The business day will align on all calendar days with the regularly scheduled close of the Fedwire Funds and the FedNow Service at 7:00:59 p.m. ET. On weekends and holidays, when the Fedwire Funds Service is closed, the end of the business day would align with the close of the FedNow Service and the regularly scheduled close time of the FedNow Service. The next business day would begin at 7:01:00 p.m. ET.

Given the continuous, 24-hour nature of the FedNow Service, the opening of the FedNow Service will occur immediately after close. Because FedNow Service participants will have access to intraday credit on a 24-hour basis, the Board believes that daylight overdrafts should be based on a 24-hour business day for all institutions.

2. Daylight Overdraft and Penalty Fee Calculations

The Board is proposing to revise the daylight overdraft and the penalty fee calculations for all institutions in order to reflect the 24-hour business day. Currently, the daylight overdraft fee is calculated using an annual rate of 50 basis points that is prorated to the scheduled duration of the Fedwire Funds operating day. The Board is proposing to change section II.C of the PSR policy so that the daylight overdraft fee would be based on the 24-hour business day. Due to this proposed change, the effective annual overdraft rate would continue to be 50 basis points, but the effective daily daylight-overdraft rate would increase from 0.0000127 under the 22-hour business day to 0.0000138 under the 24-hour business day.

The Fedwire operating day is currently 22 hours, the effective annual rate is (22/24) multiplied by 50 basis points, or approximately 0.004583, and the effective daily daylight-overdraft rate based on a 360-day year is (0.004583/360), or 0.0000127.

Under a 24-hour business day, the effective annual daylight-overdraft rate would be (24/24) multiplied by 50 basis points, or 0.0050, and the effective daily daylight-overdraft rate on a 360-day year would be (.0050/360), or 0.0000138.

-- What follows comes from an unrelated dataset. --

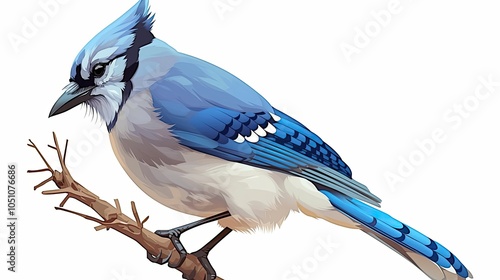 A Blue Jay Perched on a Bare Branch photo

Similarly, the Board is proposing to adjust the penalty rate for overdrafts under section II.F of the PSR policy to reflect the 24-hour business day. The annual rate used to determine the daylight-overdraft penalty fee is currently equal to the annual rate applicable to the daylight overdrafts of other institutions (50 basis points) plus 100 basis points, prorated to the length of the scheduled Fedwire Funds operating day. The 150-basis point penalty rate applied to the 24-hour business day would increase the effective daily penalty rate slightly, from 0.0000381 under a 22-hour business day to 0.0000416 under the 24-hour business day.

Certain institutions are subject to a daylight-overdraft penalty fee levied against the average daily daylight overdraft incurred by the institution. These include Edge and agreement corporations, bankers' banks that are not subject to reserve requirements, and limited-purpose trust companies.

Under a 22-hour business day, the effective annual daylight-overdraft penalty rate is (22/24) multiplied by 150 basis points, or 0.002778, and the effective daily daylight-overdraft penalty rate on a 360-day year is (.002778/360), or truncated to 0.0000381. Under a 24-hour business day, the effective annual daylight-overdraft penalty rate will be (24/24) multiplied by 150 basis points, or 0.0150, and the effective daily daylight-overdraft penalty rate on a 360-day year would be (0.0150/360), or 0.0000416.

An institution's daily daylight overdraft charge (or penalty charge) equals the effective daily rate multiplied by the institution's average daily uncollateralized daylight overdraft, which is calculated by dividing the sum of its negative uncollateralized Federal Reserve account balance at the end of each minute by the total number of minutes in the relevant business day. Currently, the relevant business day for this purpose is the Fedwire Funds operating day (1320 minutes under the 22-hour operating day). Under the proposal, the total number of minutes in the relevant business day will increase to 1440 to reflect the 24-hour business day. The increase in the length of the relevant business day from 22 hours to 24 hours will offset in part the increase to the effective daily rate. After accounting for changes to the fee rates and the average uncollateralized daylight overdraft calculation, the Board estimates that gross fees before application of fee waivers would increase by less than 0.4 percent with the move from a 22-hour business day to a 24-hour business day.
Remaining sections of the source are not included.